在 2026/5/16 02:24, Eduard Zingerman 写道:
> On Fri, 2026-05-15 at 12:34 +0800, Kaitao Cheng wrote:
>>
>> 在 2026/5/14 09:50, Alexei Starovoitov 写道:
>>> On Wed May 13, 2026 at 3:53 PM PDT, Eduard Zingerman wrote:
>>>> On Tue, 2026-05-12 at 06:41 +0000, [email protected] wrote:
>>>>
>>>> [...]
>>>>
>>>>> When a BPF program holds an owning or refcount-acquired reference to
>>>>> one of these nodes (node X), which is structurally supported because
>>>>> __bpf_obj_drop_impl() uses refcount_dec_and_test() and only frees at
>>>>> refcount 0, a concurrent push to a DIFFERENT bpf_list_head becomes a
>>>>> corruption:
>>>>>
>>>>> CPU 0 (bpf_list_head_free, lock released) CPU 1 (BPF prog, refcount X)
>>>>> ----------------------------------------- ----------------------------
>>>>> (owner of X == NULL, X linked in drain)

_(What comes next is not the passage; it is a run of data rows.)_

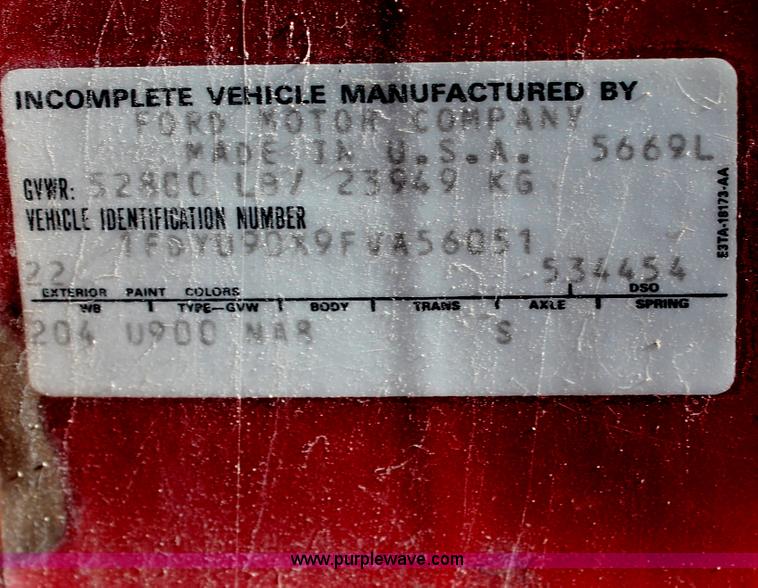 image for item H2632 1985 Ford L9000 dump truck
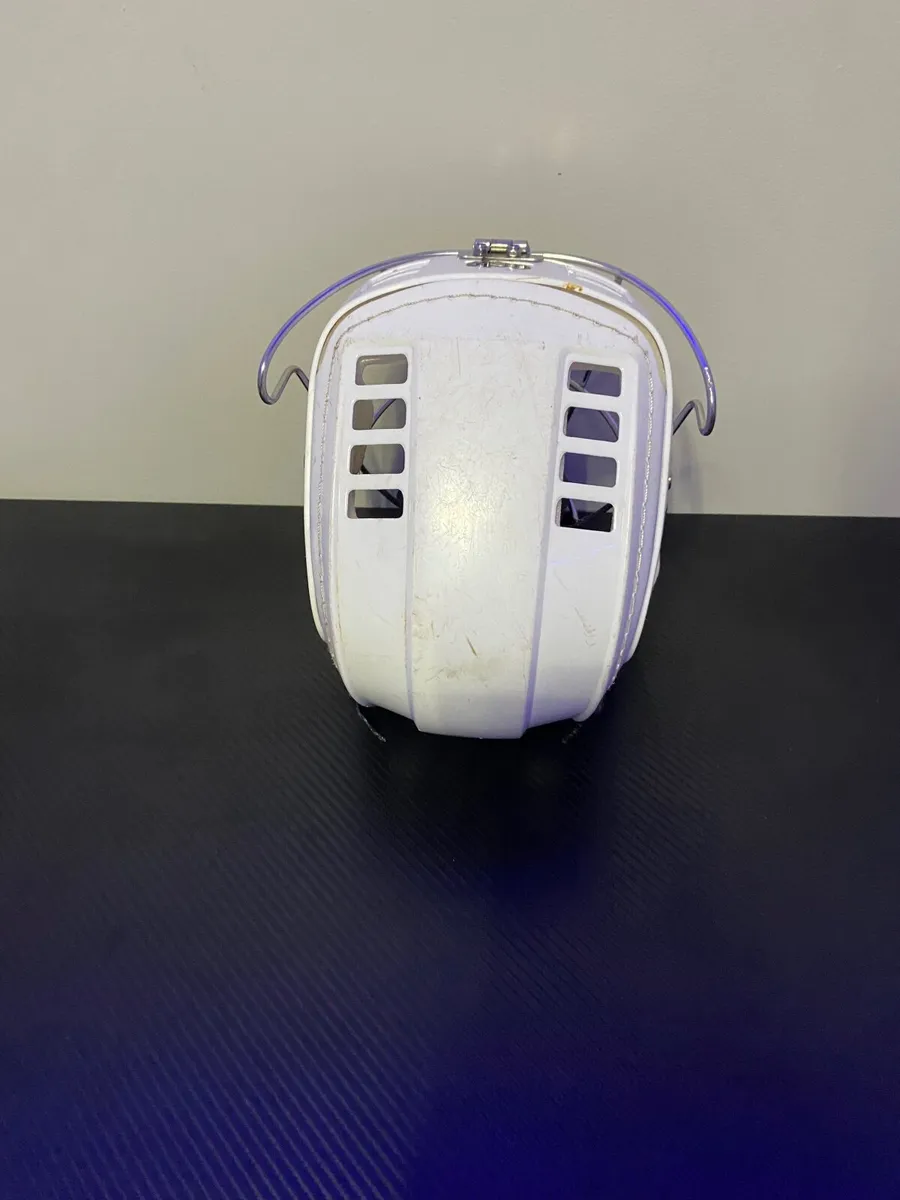 Hurling helmet - Image 3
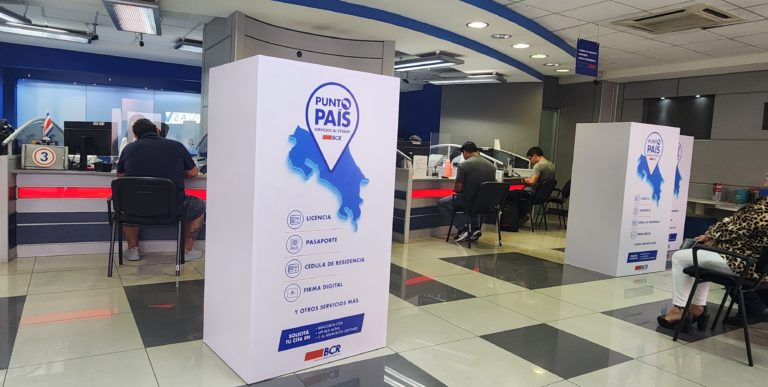 BCR abrirá 14 plataformas Punto País los sábados 6 y 13 de diciembre para trámites de licencias y pasaportes   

>>>>> bpf_list_push_back(other, X)
>>>>> __bpf_list_add: spin_lock()
>>>>> cmpxchg(X->owner, NULL,
>>>>> POISON) -> OK
>>>>> list_add_tail(&X->list_head,
>>>>> other_head)
>>>>> -> overwrites X->next,
>>>>> X->prev, corrupts
>>>>> other_head's chain
>>>>> because X is still
>>>>> stitched into drain
>>>>> pos = drain.next; (may be X or neighbor using X's stale next)
>>>>> list_del_init(pos); reads X->next/prev now pointing into other_head,
>>>>> corrupts other_head's list and/or drain
>>>>
>>>>
>>>> Kaitao, this scenario seem plausible, could you please comment on it?
>>>
>>> I think bot is correct.
>>> This patch looks buggy.
>>> It seems to me an optimization that breaks the concurrent logic.
>>> May be just drop this patch and reorder the other one, so that bot
>>> sees nonown suffix logic first.
>>
>> This patch is still necessary because it addresses the problem discussed
>> in this thread:
>> https://lore.kernel.org/all/[email protected]/
>>
>> The patch does have a bug, however. To fix the issues we are seeing now,
>> I propose the additional changes below and would appreciate feedback.
>>
>> --- a/kernel/bpf/helpers.c
>> +++ b/kernel/bpf/helpers.c
>> @@ -2263,8 +2263,10 @@ void bpf_list_head_free(const struct btf_field
>> *field, void *list_head,
>> if (!head->next || list_empty(head))
>> goto unlock;
>> list_for_each_safe(pos, n, head) {
>> - WRITE_ONCE(container_of(pos,
>> - struct bpf_list_node_kern, list_head)->owner, NULL);
>> + struct bpf_list_node_kern *node;
>> +
>> + node = container_of(pos, struct bpf_list_node_kern,
>> list_head);
>> + WRITE_ONCE(node->owner, BPF_PTR_POISON);
>> list_move_tail(pos, &drain);
>> }
>> unlock:
>> @@ -2272,8 +2274,12 @@ void bpf_list_head_free(const struct btf_field
>> *field, void *list_head,
>> __bpf_spin_unlock_irqrestore(spin_lock);
>>
>> while (!list_empty(&drain)) {
>> + struct bpf_list_node_kern *node;
>> +
>> pos = drain.next;
>> + node = container_of(pos, struct bpf_list_node_kern,
>> list_head);
>> list_del_init(pos);
>> + WRITE_ONCE(node->owner, NULL);
>
> I think this still leaves a short race window open.
> Why does the .owner has field to be NULL?
> Can the logic that implies for it to be NULL be extended to accept
> POISON as well?
Here, before setting owner to NULL, list_del_init() has already been
executed, which means the node no longer belongs to any list. This
should match the semantic meaning of owner == NULL.
Do you mean deleting WRITE_ONCE(node->owner, NULL) and preventing
all subsequent __bpf_list_add() operations on this node?
>
>> /* The contained type can also have resources, including a
>> * bpf_list_head which needs to be freed.
>> */
>> @@ -2481,6 +2487,14 @@ static int __bpf_list_add(struct bpf_list_node_kern
>> *node,
>> if (unlikely(!h->next))
>> INIT_LIST_HEAD(h);
>>
>> + /* bpf_list_head_free() marks nodes being detached with
>> BPF_PTR_POISON
>> + * before list_del_init(). cmpxchg(NULL, POISON) below would fail
>> with
>> + * that old value and fall into the generic error path, which wrongly
>> + * calls __bpf_obj_drop_impl(). Reject POISON up front instead.
>> + */
>> + if (READ_ONCE(node->owner) == BPF_PTR_POISON)
>> + return -EINVAL;
>> +
This code block is not needed; I will remove it.